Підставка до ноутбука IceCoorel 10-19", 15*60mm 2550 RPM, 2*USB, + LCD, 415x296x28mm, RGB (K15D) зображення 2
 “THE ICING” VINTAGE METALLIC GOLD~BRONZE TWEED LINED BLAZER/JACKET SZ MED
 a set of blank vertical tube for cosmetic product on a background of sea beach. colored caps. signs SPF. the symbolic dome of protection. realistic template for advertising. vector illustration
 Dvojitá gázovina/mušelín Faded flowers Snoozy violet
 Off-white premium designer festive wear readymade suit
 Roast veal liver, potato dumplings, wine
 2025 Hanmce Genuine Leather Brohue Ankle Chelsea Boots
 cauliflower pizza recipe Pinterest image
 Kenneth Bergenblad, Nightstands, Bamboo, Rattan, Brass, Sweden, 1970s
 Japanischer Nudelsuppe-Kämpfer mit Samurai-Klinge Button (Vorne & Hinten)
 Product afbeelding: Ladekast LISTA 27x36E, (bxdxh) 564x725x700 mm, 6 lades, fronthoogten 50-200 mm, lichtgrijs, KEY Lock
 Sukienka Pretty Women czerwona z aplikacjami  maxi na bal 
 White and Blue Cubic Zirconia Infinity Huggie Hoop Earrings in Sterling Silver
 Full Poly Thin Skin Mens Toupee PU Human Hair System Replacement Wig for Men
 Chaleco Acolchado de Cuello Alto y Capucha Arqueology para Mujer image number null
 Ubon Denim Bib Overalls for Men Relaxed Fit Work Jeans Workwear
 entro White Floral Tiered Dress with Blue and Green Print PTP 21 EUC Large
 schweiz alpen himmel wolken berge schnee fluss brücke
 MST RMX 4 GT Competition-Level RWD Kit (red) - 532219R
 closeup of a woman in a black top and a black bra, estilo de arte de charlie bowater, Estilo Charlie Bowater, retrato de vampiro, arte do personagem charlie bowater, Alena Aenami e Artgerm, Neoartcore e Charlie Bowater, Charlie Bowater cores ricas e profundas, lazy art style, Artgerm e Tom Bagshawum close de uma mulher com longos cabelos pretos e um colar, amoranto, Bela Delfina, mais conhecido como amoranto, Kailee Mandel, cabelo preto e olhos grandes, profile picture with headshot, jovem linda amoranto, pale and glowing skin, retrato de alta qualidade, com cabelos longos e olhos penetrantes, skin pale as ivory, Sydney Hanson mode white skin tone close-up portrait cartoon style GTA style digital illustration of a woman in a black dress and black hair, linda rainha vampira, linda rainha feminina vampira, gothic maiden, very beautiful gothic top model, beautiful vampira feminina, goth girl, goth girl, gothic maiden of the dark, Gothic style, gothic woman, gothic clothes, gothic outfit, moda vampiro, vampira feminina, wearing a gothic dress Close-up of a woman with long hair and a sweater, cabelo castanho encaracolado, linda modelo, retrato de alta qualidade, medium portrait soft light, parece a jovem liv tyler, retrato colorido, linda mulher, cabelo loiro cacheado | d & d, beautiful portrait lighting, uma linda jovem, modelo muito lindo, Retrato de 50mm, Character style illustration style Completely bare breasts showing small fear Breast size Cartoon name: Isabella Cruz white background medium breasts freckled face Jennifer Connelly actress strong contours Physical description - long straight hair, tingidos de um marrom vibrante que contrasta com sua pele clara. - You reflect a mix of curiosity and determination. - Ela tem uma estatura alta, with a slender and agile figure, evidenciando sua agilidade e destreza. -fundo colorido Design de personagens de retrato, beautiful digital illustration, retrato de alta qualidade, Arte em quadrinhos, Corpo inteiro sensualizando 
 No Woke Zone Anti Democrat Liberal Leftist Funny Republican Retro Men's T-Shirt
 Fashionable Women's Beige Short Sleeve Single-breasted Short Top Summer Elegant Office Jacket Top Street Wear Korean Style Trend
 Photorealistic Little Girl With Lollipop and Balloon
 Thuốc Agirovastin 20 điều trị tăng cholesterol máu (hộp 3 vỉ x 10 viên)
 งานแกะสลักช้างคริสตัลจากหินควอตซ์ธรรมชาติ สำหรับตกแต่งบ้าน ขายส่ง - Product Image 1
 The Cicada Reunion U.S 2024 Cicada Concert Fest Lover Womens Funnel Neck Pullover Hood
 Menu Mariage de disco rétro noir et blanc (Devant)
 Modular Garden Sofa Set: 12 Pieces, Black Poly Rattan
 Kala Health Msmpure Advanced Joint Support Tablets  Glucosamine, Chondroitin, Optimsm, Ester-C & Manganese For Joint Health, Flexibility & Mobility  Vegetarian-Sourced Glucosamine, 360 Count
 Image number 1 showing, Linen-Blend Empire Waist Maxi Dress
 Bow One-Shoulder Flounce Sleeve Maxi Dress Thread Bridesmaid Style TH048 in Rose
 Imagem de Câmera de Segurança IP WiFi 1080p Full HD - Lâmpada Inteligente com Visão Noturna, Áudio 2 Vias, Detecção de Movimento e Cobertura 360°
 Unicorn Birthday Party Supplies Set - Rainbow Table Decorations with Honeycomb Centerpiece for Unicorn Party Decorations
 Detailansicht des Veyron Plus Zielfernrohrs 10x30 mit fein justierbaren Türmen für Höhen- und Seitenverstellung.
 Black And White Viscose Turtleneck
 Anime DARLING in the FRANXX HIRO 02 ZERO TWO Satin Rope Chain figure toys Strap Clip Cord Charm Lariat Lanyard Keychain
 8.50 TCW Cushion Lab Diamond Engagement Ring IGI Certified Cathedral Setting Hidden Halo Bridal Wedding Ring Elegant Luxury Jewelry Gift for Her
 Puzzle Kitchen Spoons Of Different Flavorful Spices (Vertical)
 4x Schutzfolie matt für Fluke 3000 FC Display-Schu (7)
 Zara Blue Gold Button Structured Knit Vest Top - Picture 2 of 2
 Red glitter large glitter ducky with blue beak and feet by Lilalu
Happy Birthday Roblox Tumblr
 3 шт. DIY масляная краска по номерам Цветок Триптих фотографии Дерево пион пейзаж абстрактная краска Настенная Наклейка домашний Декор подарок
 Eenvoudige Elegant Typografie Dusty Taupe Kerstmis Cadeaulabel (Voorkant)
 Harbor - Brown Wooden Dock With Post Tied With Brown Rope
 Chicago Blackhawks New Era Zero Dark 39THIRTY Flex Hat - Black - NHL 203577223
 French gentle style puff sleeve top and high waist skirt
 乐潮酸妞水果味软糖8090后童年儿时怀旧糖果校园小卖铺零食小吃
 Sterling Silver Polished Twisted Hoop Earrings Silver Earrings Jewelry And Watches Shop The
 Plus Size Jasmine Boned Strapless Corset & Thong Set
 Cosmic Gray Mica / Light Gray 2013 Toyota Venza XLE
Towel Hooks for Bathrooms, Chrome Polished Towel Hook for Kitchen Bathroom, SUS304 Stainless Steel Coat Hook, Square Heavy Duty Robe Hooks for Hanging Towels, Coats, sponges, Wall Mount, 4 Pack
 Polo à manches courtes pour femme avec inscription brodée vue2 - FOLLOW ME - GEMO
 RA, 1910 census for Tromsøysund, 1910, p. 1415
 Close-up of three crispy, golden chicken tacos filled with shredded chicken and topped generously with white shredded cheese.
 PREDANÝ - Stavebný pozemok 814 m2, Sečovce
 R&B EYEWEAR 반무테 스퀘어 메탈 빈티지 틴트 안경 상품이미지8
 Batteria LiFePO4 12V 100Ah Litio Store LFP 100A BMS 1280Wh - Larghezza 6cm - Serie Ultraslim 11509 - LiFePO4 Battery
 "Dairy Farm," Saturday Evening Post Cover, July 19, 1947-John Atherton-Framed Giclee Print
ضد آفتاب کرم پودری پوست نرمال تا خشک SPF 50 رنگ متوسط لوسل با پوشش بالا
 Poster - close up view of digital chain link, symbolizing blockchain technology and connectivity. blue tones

___

• **WHAT IS NEEDED**: In your response, reproduce the records exactly, every one.

• **SOLVED EXERCISE**:
Підставка до ноутбука IceCoorel 10-19", 15*60mm 2550 RPM, 2*USB, + LCD, 415x296x28mm, RGB (K15D) зображення 2
 “THE ICING” VINTAGE METALLIC GOLD~BRONZE TWEED LINED BLAZER/JACKET SZ MED
 a set of blank vertical tube for cosmetic product on a background of sea beach. colored caps. signs SPF. the symbolic dome of protection. realistic template for advertising. vector illustration
 Dvojitá gázovina/mušelín Faded flowers Snoozy violet
 Off-white premium designer festive wear readymade suit
 Roast veal liver, potato dumplings, wine
 2025 Hanmce Genuine Leather Brohue Ankle Chelsea Boots
 cauliflower pizza recipe Pinterest image
 Kenneth Bergenblad, Nightstands, Bamboo, Rattan, Brass, Sweden, 1970s
 Japanischer Nudelsuppe-Kämpfer mit Samurai-Klinge Button (Vorne & Hinten)
 Product afbeelding: Ladekast LISTA 27x36E, (bxdxh) 564x725x700 mm, 6 lades, fronthoogten 50-200 mm, lichtgrijs, KEY Lock
 Sukienka Pretty Women czerwona z aplikacjami  maxi na bal 
 White and Blue Cubic Zirconia Infinity Huggie Hoop Earrings in Sterling Silver
 Full Poly Thin Skin Mens Toupee PU Human Hair System Replacement Wig for Men
 Chaleco Acolchado de Cuello Alto y Capucha Arqueology para Mujer image number null
 Ubon Denim Bib Overalls for Men Relaxed Fit Work Jeans Workwear
 entro White Floral Tiered Dress with Blue and Green Print PTP 21 EUC Large
 schweiz alpen himmel wolken berge schnee fluss brücke
 MST RMX 4 GT Competition-Level RWD Kit (red) - 532219R
 closeup of a woman in a black top and a black bra, estilo de arte de charlie bowater, Estilo Charlie Bowater, retrato de vampiro, arte do personagem charlie bowater, Alena Aenami e Artgerm, Neoartcore e Charlie Bowater, Charlie Bowater cores ricas e profundas, lazy art style, Artgerm e Tom Bagshawum close de uma mulher com longos cabelos pretos e um colar, amoranto, Bela Delfina, mais conhecido como amoranto, Kailee Mandel, cabelo preto e olhos grandes, profile picture with headshot, jovem linda amoranto, pale and glowing skin, retrato de alta qualidade, com cabelos longos e olhos penetrantes, skin pale as ivory, Sydney Hanson mode white skin tone close-up portrait cartoon style GTA style digital illustration of a woman in a black dress and black hair, linda rainha vampira, linda rainha feminina vampira, gothic maiden, very beautiful gothic top model, beautiful vampira feminina, goth girl, goth girl, gothic maiden of the dark, Gothic style, gothic woman, gothic clothes, gothic outfit, moda vampiro, vampira feminina, wearing a gothic dress Close-up of a woman with long hair and a sweater, cabelo castanho encaracolado, linda modelo, retrato de alta qualidade, medium portrait soft light, parece a jovem liv tyler, retrato colorido, linda mulher, cabelo loiro cacheado | d & d, beautiful portrait lighting, uma linda jovem, modelo muito lindo, Retrato de 50mm, Character style illustration style Completely bare breasts showing small fear Breast size Cartoon name: Isabella Cruz white background medium breasts freckled face Jennifer Connelly actress strong contours Physical description - long straight hair, tingidos de um marrom vibrante que contrasta com sua pele clara. - You reflect a mix of curiosity and determination. - Ela tem uma estatura alta, with a slender and agile figure, evidenciando sua agilidade e destreza. -fundo colorido Design de personagens de retrato, beautiful digital illustration, retrato de alta qualidade, Arte em quadrinhos, Corpo inteiro sensualizando 
 No Woke Zone Anti Democrat Liberal Leftist Funny Republican Retro Men's T-Shirt
 Fashionable Women's Beige Short Sleeve Single-breasted Short Top Summer Elegant Office Jacket Top Street Wear Korean Style Trend
 Photorealistic Little Girl With Lollipop and Balloon
 Thuốc Agirovastin 20 điều trị tăng cholesterol máu (hộp 3 vỉ x 10 viên)
 งานแกะสลักช้างคริสตัลจากหินควอตซ์ธรรมชาติ สำหรับตกแต่งบ้าน ขายส่ง - Product Image 1
 The Cicada Reunion U.S 2024 Cicada Concert Fest Lover Womens Funnel Neck Pullover Hood
 Menu Mariage de disco rétro noir et blanc (Devant)
 Modular Garden Sofa Set: 12 Pieces, Black Poly Rattan
 Kala Health Msmpure Advanced Joint Support Tablets  Glucosamine, Chondroitin, Optimsm, Ester-C & Manganese For Joint Health, Flexibility & Mobility  Vegetarian-Sourced Glucosamine, 360 Count
 Image number 1 showing, Linen-Blend Empire Waist Maxi Dress
 Bow One-Shoulder Flounce Sleeve Maxi Dress Thread Bridesmaid Style TH048 in Rose
 Imagem de Câmera de Segurança IP WiFi 1080p Full HD - Lâmpada Inteligente com Visão Noturna, Áudio 2 Vias, Detecção de Movimento e Cobertura 360°
 Unicorn Birthday Party Supplies Set - Rainbow Table Decorations with Honeycomb Centerpiece for Unicorn Party Decorations
 Detailansicht des Veyron Plus Zielfernrohrs 10x30 mit fein justierbaren Türmen für Höhen- und Seitenverstellung.
 Black And White Viscose Turtleneck
 Anime DARLING in the FRANXX HIRO 02 ZERO TWO Satin Rope Chain figure toys Strap Clip Cord Charm Lariat Lanyard Keychain
 8.50 TCW Cushion Lab Diamond Engagement Ring IGI Certified Cathedral Setting Hidden Halo Bridal Wedding Ring Elegant Luxury Jewelry Gift for Her
 Puzzle Kitchen Spoons Of Different Flavorful Spices (Vertical)
 4x Schutzfolie matt für Fluke 3000 FC Display-Schu (7)
 Zara Blue Gold Button Structured Knit Vest Top - Picture 2 of 2
 Red glitter large glitter ducky with blue beak and feet by Lilalu
Happy Birthday Roblox Tumblr
 3 шт. DIY масляная краска по номерам Цветок Триптих фотографии Дерево пион пейзаж абстрактная краска Настенная Наклейка домашний Декор подарок
 Eenvoudige Elegant Typografie Dusty Taupe Kerstmis Cadeaulabel (Voorkant)
 Harbor - Brown Wooden Dock With Post Tied With Brown Rope
 Chicago Blackhawks New Era Zero Dark 39THIRTY Flex Hat - Black - NHL 203577223
 French gentle style puff sleeve top and high waist skirt
 乐潮酸妞水果味软糖8090后童年儿时怀旧糖果校园小卖铺零食小吃
 Sterling Silver Polished Twisted Hoop Earrings Silver Earrings Jewelry And Watches Shop The
 Plus Size Jasmine Boned Strapless Corset & Thong Set
 Cosmic Gray Mica / Light Gray 2013 Toyota Venza XLE
Towel Hooks for Bathrooms, Chrome Polished Towel Hook for Kitchen Bathroom, SUS304 Stainless Steel Coat Hook, Square Heavy Duty Robe Hooks for Hanging Towels, Coats, sponges, Wall Mount, 4 Pack
 Polo à manches courtes pour femme avec inscription brodée vue2 - FOLLOW ME - GEMO
 RA, 1910 census for Tromsøysund, 1910, p. 1415
 Close-up of three crispy, golden chicken tacos filled with shredded chicken and topped generously with white shredded cheese.
 PREDANÝ - Stavebný pozemok 814 m2, Sečovce
 R&B EYEWEAR 반무테 스퀘어 메탈 빈티지 틴트 안경 상품이미지8
 Batteria LiFePO4 12V 100Ah Litio Store LFP 100A BMS 1280Wh - Larghezza 6cm - Serie Ultraslim 11509 - LiFePO4 Battery
 "Dairy Farm," Saturday Evening Post Cover, July 19, 1947-John Atherton-Framed Giclee Print
ضد آفتاب کرم پودری پوست نرمال تا خشک SPF 50 رنگ متوسط لوسل با پوشش بالا
 Poster - close up view of digital chain link, symbolizing blockchain technology and connectivity. blue tones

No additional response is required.